**Your instructions:**
Retype each entry verbatim. Do not include the images.

**Supplied data:**
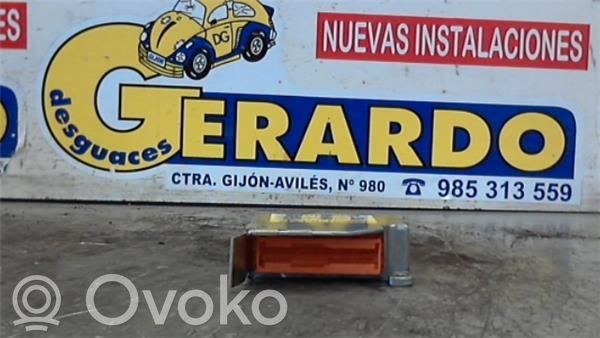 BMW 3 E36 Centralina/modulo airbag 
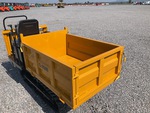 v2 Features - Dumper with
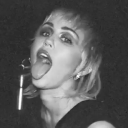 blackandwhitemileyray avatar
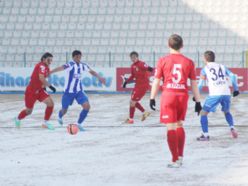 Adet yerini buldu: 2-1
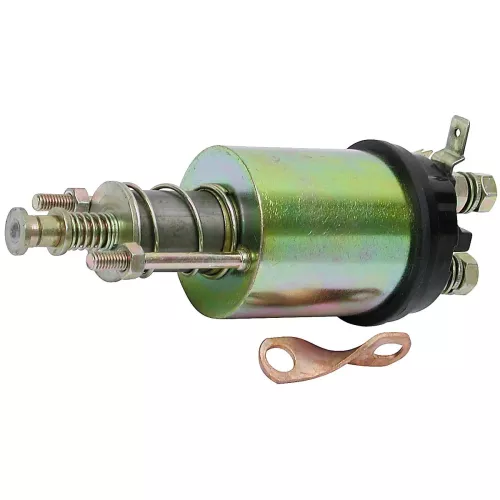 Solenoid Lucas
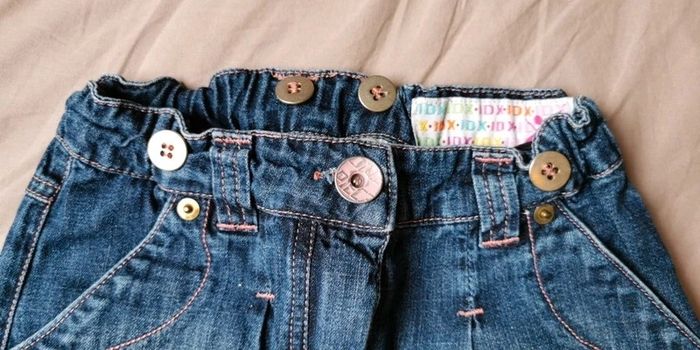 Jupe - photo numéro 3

**Written reply:**
 BMW 3 E36 Centralina/modulo airbag 
 v2 Features - Dumper with
 blackandwhitemileyray avatar
 Adet yerini buldu: 2-1
 Solenoid Lucas
 Jupe - photo numéro 3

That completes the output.